═════ Stored data ═════

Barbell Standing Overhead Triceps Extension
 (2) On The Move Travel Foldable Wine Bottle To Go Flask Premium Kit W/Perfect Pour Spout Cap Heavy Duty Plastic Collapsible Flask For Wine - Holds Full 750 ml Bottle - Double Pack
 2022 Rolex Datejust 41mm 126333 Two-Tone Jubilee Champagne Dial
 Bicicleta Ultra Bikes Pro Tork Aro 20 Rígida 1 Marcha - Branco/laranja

═════

» Work request
Restate the whole listing exactly.

» Answer space
Barbell Standing Overhead Triceps Extension
 (2) On The Move Travel Foldable Wine Bottle To Go Flask Premium Kit W/Perfect Pour Spout Cap Heavy Duty Plastic Collapsible Flask For Wine - Holds Full 750 ml Bottle - Double Pack
 2022 Rolex Datejust 41mm 126333 Two-Tone Jubilee Champagne Dial
 Bicicleta Ultra Bikes Pro Tork Aro 20 Rígida 1 Marcha - Branco/laranja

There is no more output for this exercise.